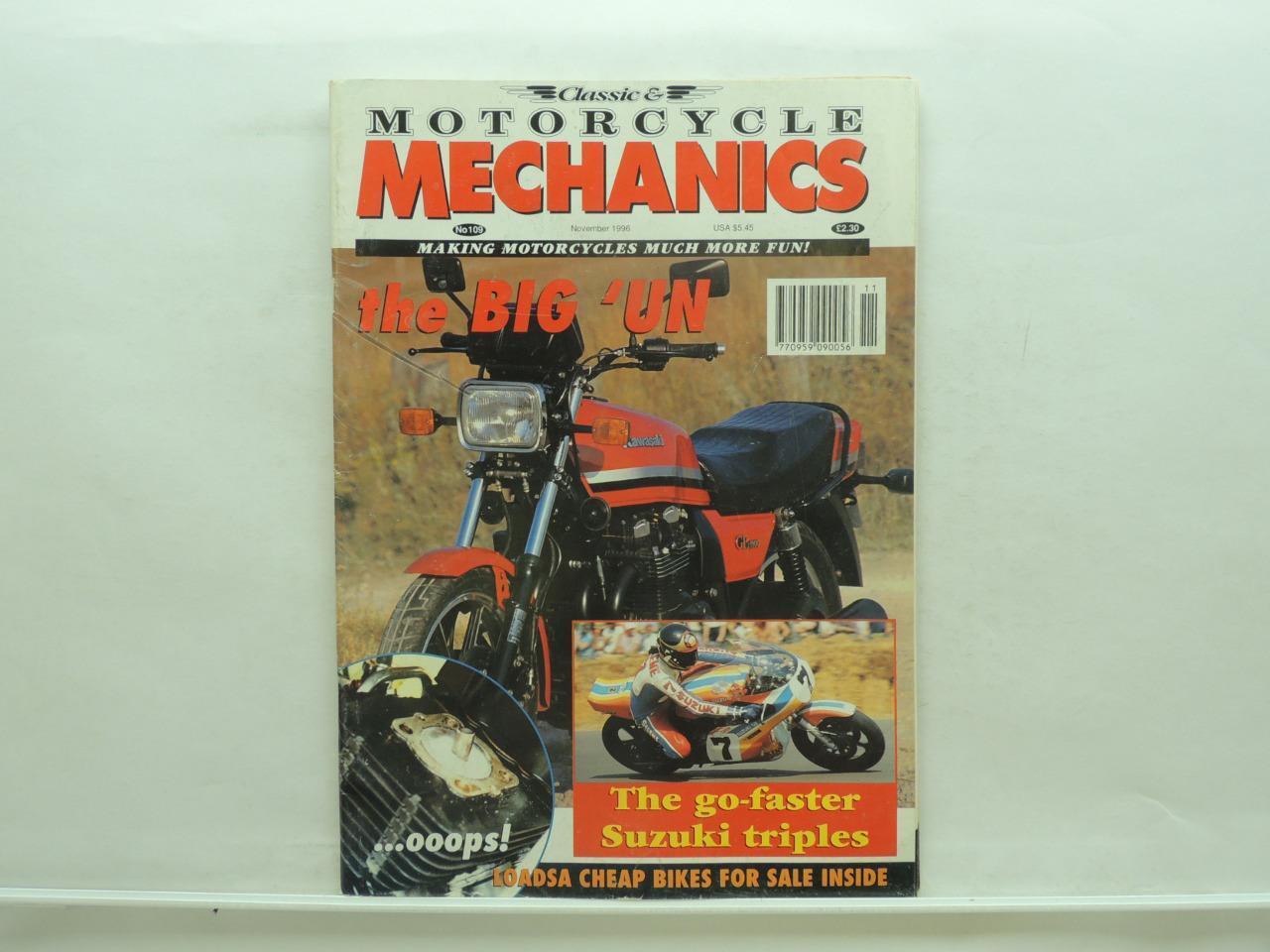 Nov 1996 Classic Motorcycle Mechanics Magazine Kawasaki Suzuki H
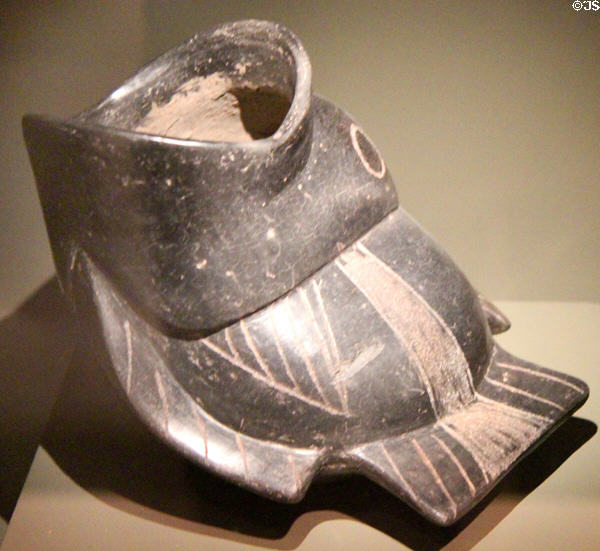 Ceramic vessel in form of fish (c1000-500 BCE) from Puebla, Mexico at Dallas Museum of Art. Dallas, TX.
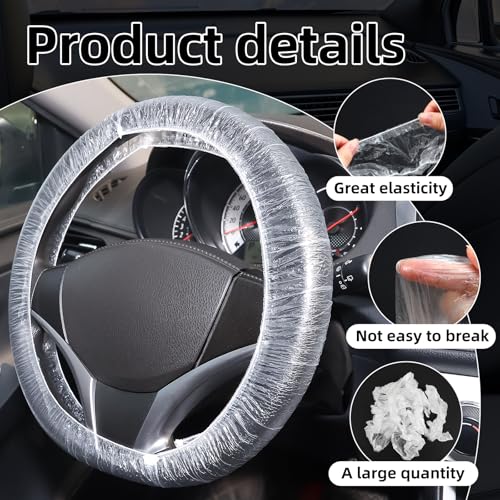 200PCS Disposable Steering Wheel Covers,Disposable Steering Wheel Protector with Elastic, Applicable to Cars, Trucks, Vans (200)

**YOUR TASK**
Restating the data word for word is the task, and pictures are to be omitted.

**EXERCISE OUTPUT**
 Nov 1996 Classic Motorcycle Mechanics Magazine Kawasaki Suzuki H
 Ceramic vessel in form of fish (c1000-500 BCE) from Puebla, Mexico at Dallas Museum of Art. Dallas, TX.
 200PCS Disposable Steering Wheel Covers,Disposable Steering Wheel Protector with Elastic, Applicable to Cars, Trucks, Vans (200)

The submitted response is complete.